NEWARK, N.J. -- Another Game 1 victory by the Los Angeles Kings in this incredible playoff run, another pledge by the opposition to improve areas of its game and come back with a better result.

Heard this before?

Shortly after losing the opening game of this postseason to L.A. 4-2, Vancouver Canucks coach Alain Vigneault said the power-play unit needed to execute better after failing on all five opportunities. To his dismay, Kings captain Dustin Brown scored two short-handed goals in Game 2, the difference in another 4-2 defeat.

St. Louis Blues coach Ken Hitchcock then asked for more commitment from his top players after losing Game 1 of the second-round series, but he could only wince as the Kings scored four unanswered goals in the first period of Game 2, throwing a bucket of cold water on the Blues in the 5-2 victory that eventually led to a series sweep.
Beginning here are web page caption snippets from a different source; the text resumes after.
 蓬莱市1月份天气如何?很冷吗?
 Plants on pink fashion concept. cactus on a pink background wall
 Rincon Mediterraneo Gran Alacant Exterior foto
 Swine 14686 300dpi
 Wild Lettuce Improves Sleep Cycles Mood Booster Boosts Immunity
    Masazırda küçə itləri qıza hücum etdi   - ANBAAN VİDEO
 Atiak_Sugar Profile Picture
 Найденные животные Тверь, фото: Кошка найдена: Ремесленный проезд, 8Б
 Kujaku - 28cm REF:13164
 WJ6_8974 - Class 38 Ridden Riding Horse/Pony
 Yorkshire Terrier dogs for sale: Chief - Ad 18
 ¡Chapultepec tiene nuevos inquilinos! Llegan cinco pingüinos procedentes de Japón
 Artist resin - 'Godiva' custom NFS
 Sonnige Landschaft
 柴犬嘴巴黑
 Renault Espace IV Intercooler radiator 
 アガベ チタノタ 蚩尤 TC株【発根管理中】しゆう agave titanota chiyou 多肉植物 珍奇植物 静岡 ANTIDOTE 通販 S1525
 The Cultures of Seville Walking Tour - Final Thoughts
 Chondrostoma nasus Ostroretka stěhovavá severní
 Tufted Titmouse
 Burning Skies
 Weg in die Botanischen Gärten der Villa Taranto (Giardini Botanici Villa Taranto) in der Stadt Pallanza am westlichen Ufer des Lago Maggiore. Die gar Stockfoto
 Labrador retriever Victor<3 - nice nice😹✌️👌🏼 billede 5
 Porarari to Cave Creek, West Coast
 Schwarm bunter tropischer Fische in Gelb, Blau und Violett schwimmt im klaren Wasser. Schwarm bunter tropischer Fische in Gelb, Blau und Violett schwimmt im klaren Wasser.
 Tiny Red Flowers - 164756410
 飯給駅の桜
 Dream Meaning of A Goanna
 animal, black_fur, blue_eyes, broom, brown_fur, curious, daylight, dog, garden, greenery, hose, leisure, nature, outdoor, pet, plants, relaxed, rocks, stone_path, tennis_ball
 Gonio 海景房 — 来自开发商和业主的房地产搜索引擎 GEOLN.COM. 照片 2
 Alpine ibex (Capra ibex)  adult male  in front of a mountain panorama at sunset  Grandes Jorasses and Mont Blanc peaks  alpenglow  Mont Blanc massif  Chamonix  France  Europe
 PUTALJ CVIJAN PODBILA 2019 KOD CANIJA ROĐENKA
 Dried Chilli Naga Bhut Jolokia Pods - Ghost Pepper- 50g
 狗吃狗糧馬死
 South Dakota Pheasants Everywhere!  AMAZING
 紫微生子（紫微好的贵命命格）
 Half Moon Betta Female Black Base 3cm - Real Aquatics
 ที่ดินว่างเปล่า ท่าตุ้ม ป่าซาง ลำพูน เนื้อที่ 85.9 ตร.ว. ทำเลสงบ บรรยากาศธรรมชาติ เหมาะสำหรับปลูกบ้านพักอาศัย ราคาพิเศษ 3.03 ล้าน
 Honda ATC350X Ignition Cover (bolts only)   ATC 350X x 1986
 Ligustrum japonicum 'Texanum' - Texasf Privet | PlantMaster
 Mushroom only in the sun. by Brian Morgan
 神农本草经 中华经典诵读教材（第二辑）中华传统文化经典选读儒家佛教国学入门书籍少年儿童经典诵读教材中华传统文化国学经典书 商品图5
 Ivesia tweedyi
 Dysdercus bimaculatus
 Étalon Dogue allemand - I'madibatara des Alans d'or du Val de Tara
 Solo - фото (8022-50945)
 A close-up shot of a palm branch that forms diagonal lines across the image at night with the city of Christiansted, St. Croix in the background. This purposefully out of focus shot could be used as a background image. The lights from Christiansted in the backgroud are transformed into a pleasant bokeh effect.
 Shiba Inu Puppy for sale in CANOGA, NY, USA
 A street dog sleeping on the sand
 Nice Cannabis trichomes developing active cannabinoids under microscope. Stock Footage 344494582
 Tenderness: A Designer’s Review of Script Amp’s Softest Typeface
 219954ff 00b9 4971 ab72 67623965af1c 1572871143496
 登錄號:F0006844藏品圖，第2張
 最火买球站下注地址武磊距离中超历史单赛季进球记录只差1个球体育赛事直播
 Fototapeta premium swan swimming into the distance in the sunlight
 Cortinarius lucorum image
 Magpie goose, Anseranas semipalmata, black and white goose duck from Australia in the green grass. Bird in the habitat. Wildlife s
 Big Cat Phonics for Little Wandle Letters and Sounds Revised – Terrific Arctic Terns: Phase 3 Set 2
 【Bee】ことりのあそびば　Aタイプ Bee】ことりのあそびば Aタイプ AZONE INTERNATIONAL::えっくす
Then it was coach Dave Tippett’s turn to proclaim that the Phoenix Coyotes needed to take some lessons from their 4-2 loss to L.A. in the opening game of the Western Conference finals. The only lesson the Coyotes learned was that the Kings could play even better, as Jeff Carter scored a hat trick in Game 2 and the Kings delivered their best all-around performance of these playoffs in the 4-0 victory.

Now it’s New Jersey Devils coach Pete DeBoer who sat before the media Thursday morning, a day after his team lost Game 1 of the Stanley Cup finals to the Kings, 2-1 in overtime, and said his team needed an all-around better effort Saturday night in Game 2 back at Prudential Center.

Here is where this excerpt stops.